I need to implement the following in python: For a given discrete time series Zt (t=0 to T), find smallest t such that:
$c\sum_{s=0}^t e^{[k(Zt-Zs)+m(t-s)]} >= \frac{p*}{1-p*} $
where c,k,m are constants and P* is given by
$\int_0^{0.5} \frac{(1-2y)e^{-d/y}}{(1-y)^{1+d}y^{1-d}}dy=\int_{0.5}^{p*} \frac{(2y-1)e^{-d/y}}{(1-y)^{1+d}y^{1-d}}dy $
where d is another constant(something to be optimized)
I need to implement this for each row of an array Z = input 2d array of shape (N,w) I implemented a loop version:
i implemented the sum in equation 1 above utilizing the fact
$ e^{[k(Zt-Zs)+m(t-s)]} = \frac{e^{kZt+mt}}{e^{kZs+ms}} $
hence
$\sum_{s=0}^t e^{[k(Zt-Zs)+m(t-s)]} =e^{kZt+mt}*\sum_{s=0}^t\frac{1}{e^{kZs+ms}} $ which is reflected in use of cumsum in code below
def f(z):
return ((1-2*z)*np.exp(-d/z))/(((1-z)**(1+d))*(z**(1-d)))
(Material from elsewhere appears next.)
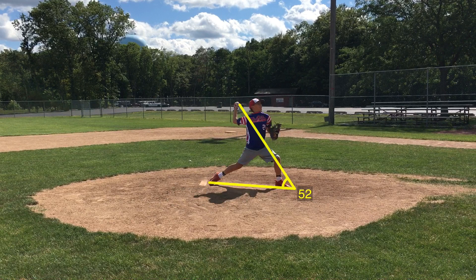We have like a 52, 51 degree movement, and that's pretty good considering the age that you are at 11. Moving forward, I think that you're just going to get out a little bit further and create that stretch a little bit better, which is directly correlated with velocity.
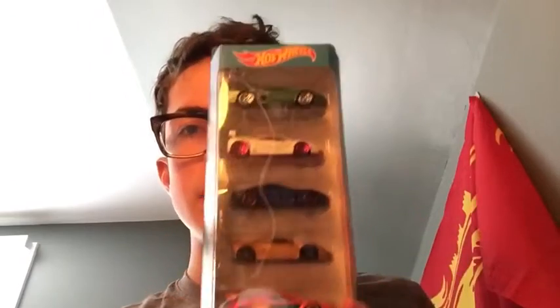Hey guys, welcome back to our video! Today we are opening the Hot Wheels Exotics pack. This will be the last video for a little bit on cars, and then tomorrow we might move on to something else. I'm going to show you one of my talents — unicycling! So let's open this, and tomorrow I'll show you my unicycling skills.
lhs=integrate.quad(f,0,0.5)
def rhs(p):
return integrate.quad(-f,0.5, p)
p_star= fsolve(rhs-lhs,0.75) # will depend on time series only indrectly when d will be optimized
for i in np.arange(N):
z=Z[i,:]
main = np.exp (kz+m*np.arange(w))
cumsum_t=np.cumsum(1/main)
final_sum= main*cumsum_t
t_solution= # index i where final_sum[i]> p_star/(1-p_star)) # not implemented yet
Is there any way I can vectorize this for Z? In this case N is ~400,000 so vectorization would really help. The function f(z) will be fine with vector inputs but I dont think the function rhs will be fine as it uses integration.